Außerdem missachten diese gottlosen Menschen Gott nicht nur, sondern lehnen Ihn sogar wissentlich ab! Hör mal, was sie Gott zu sagen wagen: „Weiche von uns! Und nach der Erkenntnis deiner Wege verlangen wir nicht!“ (Hiob 21:14). Sie sagen es vielleicht nicht in so vielen Worten, aber es ist die Sprache, die aus ihrem Leben spricht. Menschen können so leben, dass sie nichts mit Gott zu tun haben wollen. Sie wollen nicht, dass Gott sich in ihr Leben einmischt. Er sollte sich da raushalten, denn es ist ihr Leben.

Es handelt sich nicht um Menschen, die keine Gelegenheit hatten, die Wege Gottes kennen zu lernen, sondern sie zeigen, dass sie sie nicht kennen wollen.

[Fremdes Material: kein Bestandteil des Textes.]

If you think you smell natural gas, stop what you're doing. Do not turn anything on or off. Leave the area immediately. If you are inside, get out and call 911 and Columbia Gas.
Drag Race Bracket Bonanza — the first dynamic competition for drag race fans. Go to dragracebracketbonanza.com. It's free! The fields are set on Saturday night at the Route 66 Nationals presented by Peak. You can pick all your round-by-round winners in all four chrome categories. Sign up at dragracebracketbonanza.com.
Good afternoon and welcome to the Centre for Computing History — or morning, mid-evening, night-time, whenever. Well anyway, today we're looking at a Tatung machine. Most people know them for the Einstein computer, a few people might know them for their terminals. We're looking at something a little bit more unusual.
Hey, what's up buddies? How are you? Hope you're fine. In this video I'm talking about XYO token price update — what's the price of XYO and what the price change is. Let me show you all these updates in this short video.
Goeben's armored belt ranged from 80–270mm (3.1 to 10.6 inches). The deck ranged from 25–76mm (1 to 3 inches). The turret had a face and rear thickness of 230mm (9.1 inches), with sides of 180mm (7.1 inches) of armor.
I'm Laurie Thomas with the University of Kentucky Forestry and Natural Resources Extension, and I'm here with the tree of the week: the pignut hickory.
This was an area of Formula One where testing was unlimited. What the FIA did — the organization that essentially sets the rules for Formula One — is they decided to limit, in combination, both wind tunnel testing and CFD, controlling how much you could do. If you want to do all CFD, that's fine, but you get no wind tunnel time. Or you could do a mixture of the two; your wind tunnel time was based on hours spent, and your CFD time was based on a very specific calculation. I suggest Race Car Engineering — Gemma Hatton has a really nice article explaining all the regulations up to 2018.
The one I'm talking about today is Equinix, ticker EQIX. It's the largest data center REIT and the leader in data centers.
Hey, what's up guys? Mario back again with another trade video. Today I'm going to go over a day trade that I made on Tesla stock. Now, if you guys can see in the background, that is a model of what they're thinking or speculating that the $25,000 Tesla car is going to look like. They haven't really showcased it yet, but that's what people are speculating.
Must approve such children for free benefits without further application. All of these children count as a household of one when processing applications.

Sie wollen nichts von Ihm wissen. Dass Er über alles das Sagen hat, auch über ihr Leben, davon wollen sie nichts hören. Seine Wege interessieren sie nicht. Sie werden selbst entscheiden, wie sie leben wollen. Wenn ein Mensch so weit gekommen ist, wie tief ist er dann gesunken. Und Gott greift nicht ein!

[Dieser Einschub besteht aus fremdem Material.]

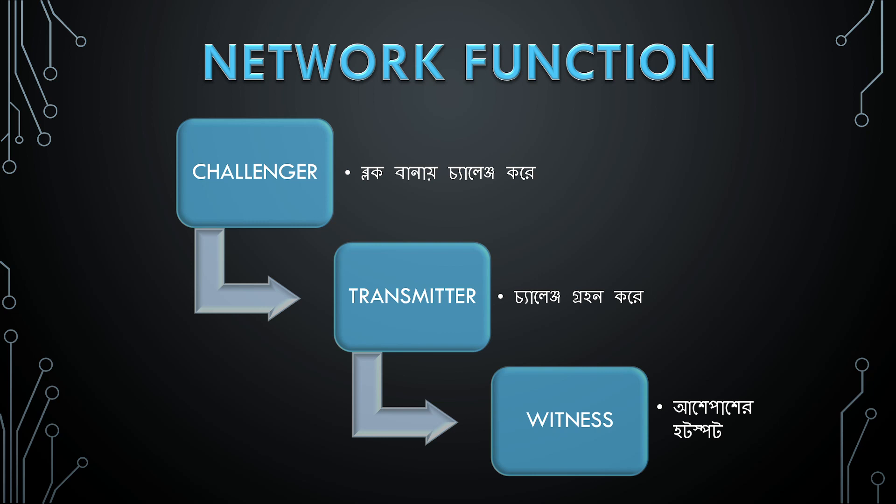There are three types of network roles. First is Challenger, Transmitter, and Witness. Challenger is a block challenge in the full network. Transmitter is a challenge beacon — you have to send out a beacon. Witness is a hotspot; you have to witness and acknowledge that it is up and running, and help secure the network and update the blockchain.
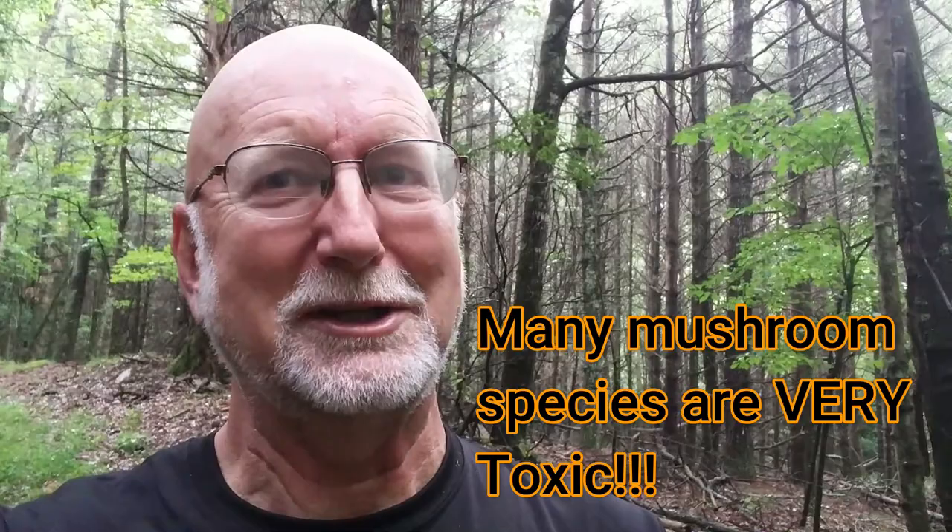I want to explain why you should never, never, never go out and eat mushrooms on your own unless you've learned from an experienced mycologist or mushroom gatherer that you know. And if you're a child, make sure you do this with an adult. And if you're an adult, take care — it's very tricky identifying these. So I'll be right back with this episode.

Sie sprechen es abfällig aus: „Was ist der Allmächtige, dass wir ihm dienen sollten?“ (Hiob 21:15; vgl. 2Mo 5:2; Spr 30:9). Das ist eine völlige Missachtung Gottes. Sie lehnen Ihn nicht nur ab, sondern sprechen auch mit großer Verachtung von Ihm. Sie scheinen Ihn nicht einmal als Person zu betrachten. Sie stellen nicht die Frage: „Wer ist der Allmächtige?“, sondern: „Was ist der Allmächtige?“ Für wen hält Er sich, dass wir Ihm dienen sollen? Was bildet Er sich ein, dass Er Autorität über uns hat und dass wir uns seinem Willen unterwerfen müssen?

Bringt es uns überhaupt etwas, uns an Ihn zu wenden und Ihn „bittend angehen“? Das Gebet ist für Schwächlinge, die allein nicht zurechtkommen. Dann ist der Glaube an Gott eine schöne Attrappe, um ein wenig das Gefühl zu bekommen, dass man nicht allein ist. Wir werden uns dieser Dummheit nicht hingeben.

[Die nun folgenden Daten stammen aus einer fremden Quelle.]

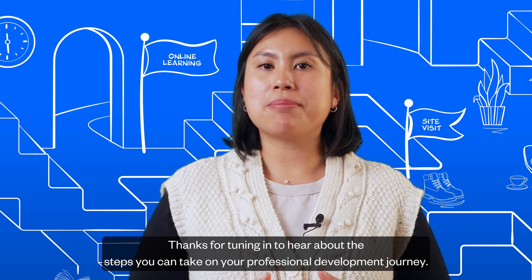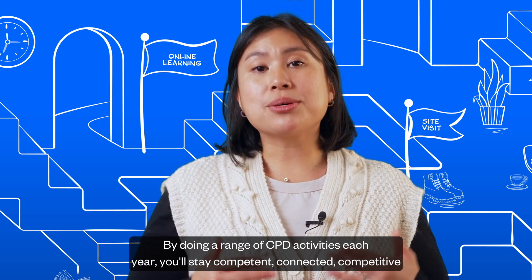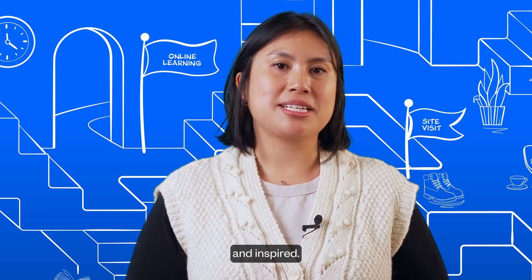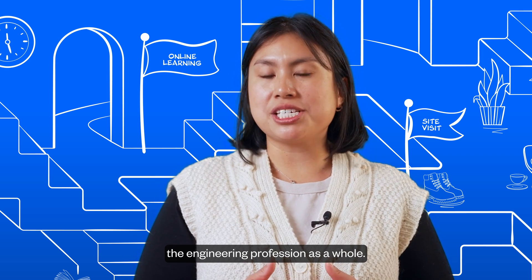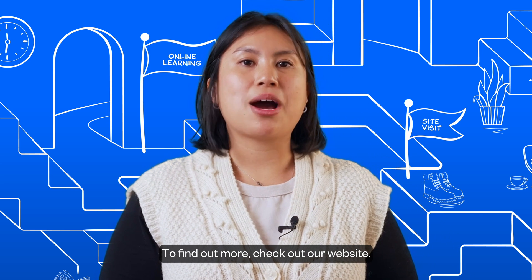Thanks for tuning in to hear about the steps you can take on your professional development journey. By doing a range of CPD activities each year, you'll stay competent, connected, competitive, and inspired. Not only that, you'll enhance your technical skills and contribute to the advancement of the engineering profession as a whole. To find out more, check out our website.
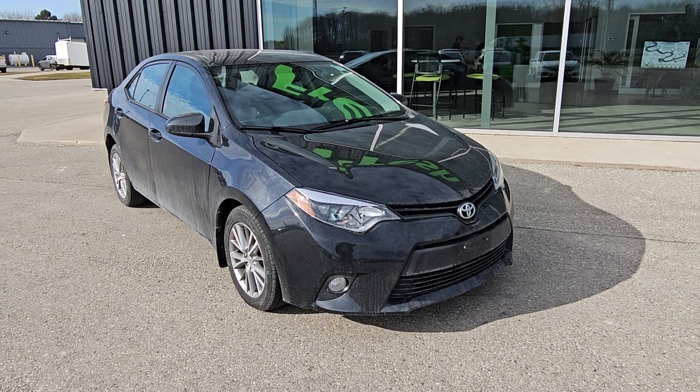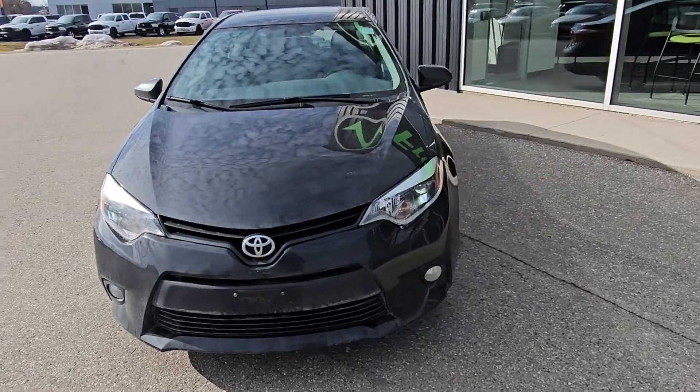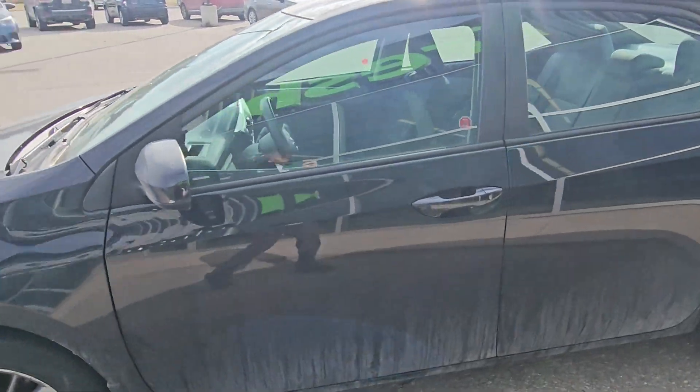Hi Kayla, this is Eric from Fresh Auto. We have a 2014 Toyota Corolla that just came in. It still needs to be cleaned inside and out, but it will look almost new when we're done with it.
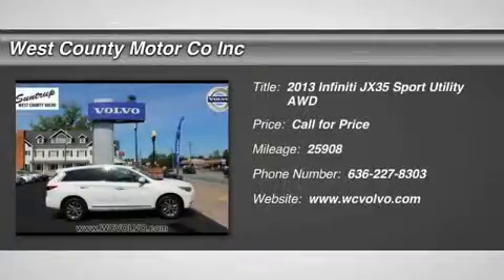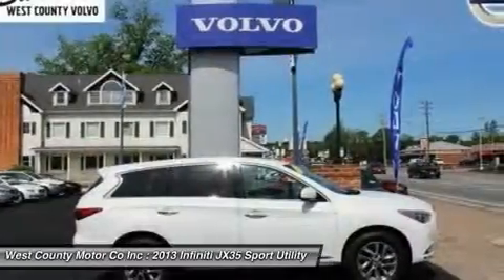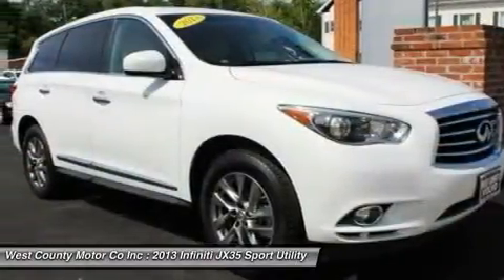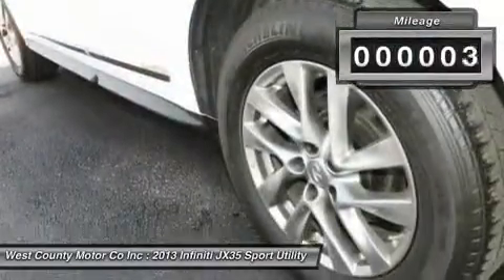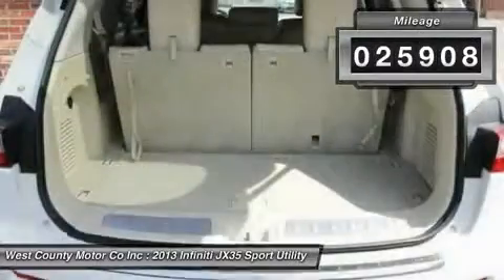You'll love this 2013 Infiniti GX35. This is a car you'll want to take home. With 25,908 miles, it features variable transmission and an exterior color of moonlight white. Call us and be the first to open the car door today.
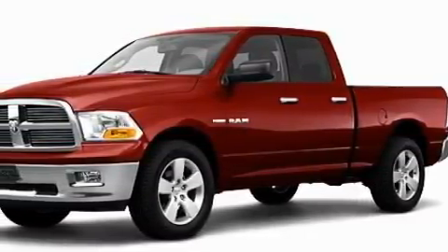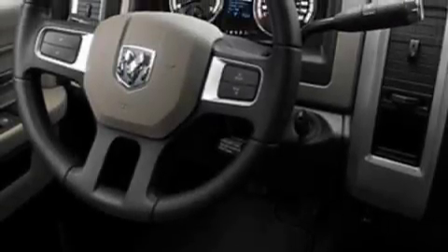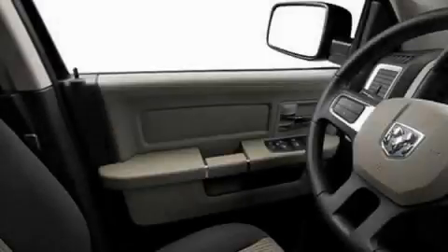Its top features include cruise control, heated side view mirrors, satellite radio, a low tire pressure indicator, traction control and stability control systems, and it's easy to see why this vehicle is an excellent choice.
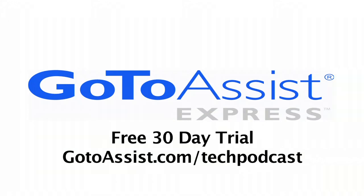This episode is sponsored by GoToAssistExpress. Continued coverage here at the Consumer Electronics Show 2010. Todd Coffman from Geek News Central, part of the Tech Podcast Network.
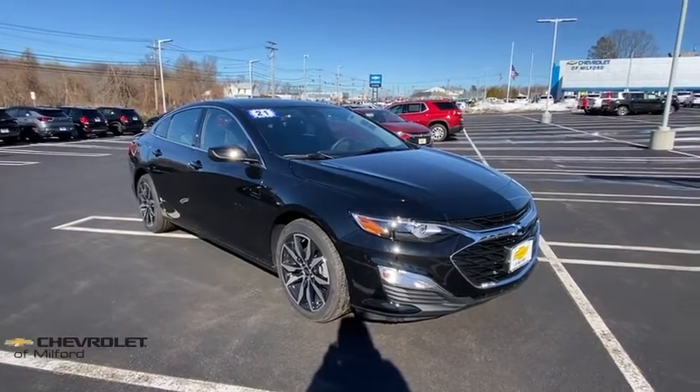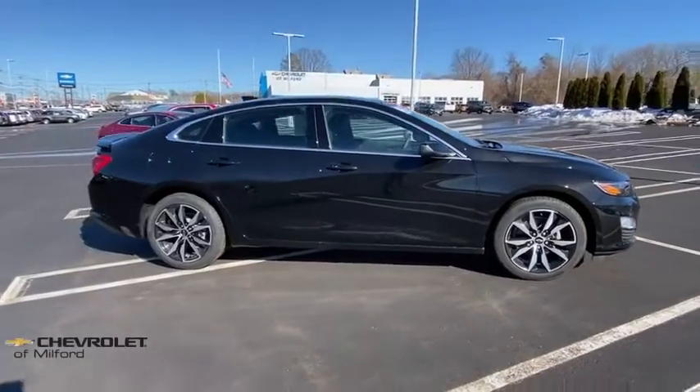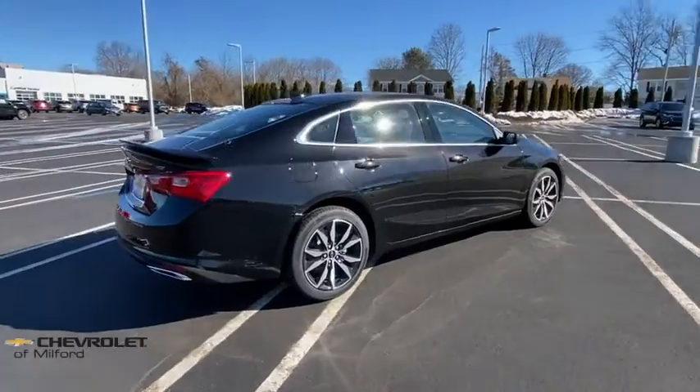Come test drive the 2021 Chevrolet Malibu, a combination of performance and fuel economy. The Malibu is a great commuting car. Here are some of this vehicle's great options.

Wir hören diese Sprache des menschlichen Herzens überall. Der Mensch leugnet, dass Gott Autorität über ihn hat. Er will unabhängig sein und lehnt daher alle Ansprüche seines Schöpfers ab. Er will nicht sehen, dass er für jeden Atemzug von Ihm abhängig ist (Dan 5:23b). Er ist nicht offen für die Tatsache, dass Ihm zu dienen die größte Befriedigung und das größte Glück bringt. Dass er aus Gnade leben soll, ist ein verwerflicher Gedanke. Die Hand aufzuhalten, um etwas zu bekommen, ist unter seiner Würde als unabhängiges Wesen. Nein, er braucht und will Gott nicht.

Aber, sagt Hiob, sie irren sich gewaltig. Sie denken, sie hätten alles in der Hand, aber sie täten gut daran, sich daran zu erinnern, dass „ihr Wohlergehen ... nicht in ihrer [eigenen] Hand steht“ (Hiob 21:16). Es scheint, dass sie alles in ihrer Macht und Kontrolle haben, aber das ist Selbstbetrug. Durch plötzliche Katastrophen kann ihnen alles abhanden kommen. Sie können auch krank werden oder sterben und dann ist es auch mit dem Genuss vorbei.

Hiob sagt, dass er das Leben nicht auf diese Weise betrachtet. Es liegt ihm fern, sich als gottloser Mensch darzustellen. Er teilt weder die Absichten der Gottlosen, noch teilt er ihre Ratschläge. Seine Freunde sollten nicht denken, dass er ihr Anwalt ist und ihre Lebensweise verteidigt, auch wenn er den Wohlstand ihres Lebens beschreibt.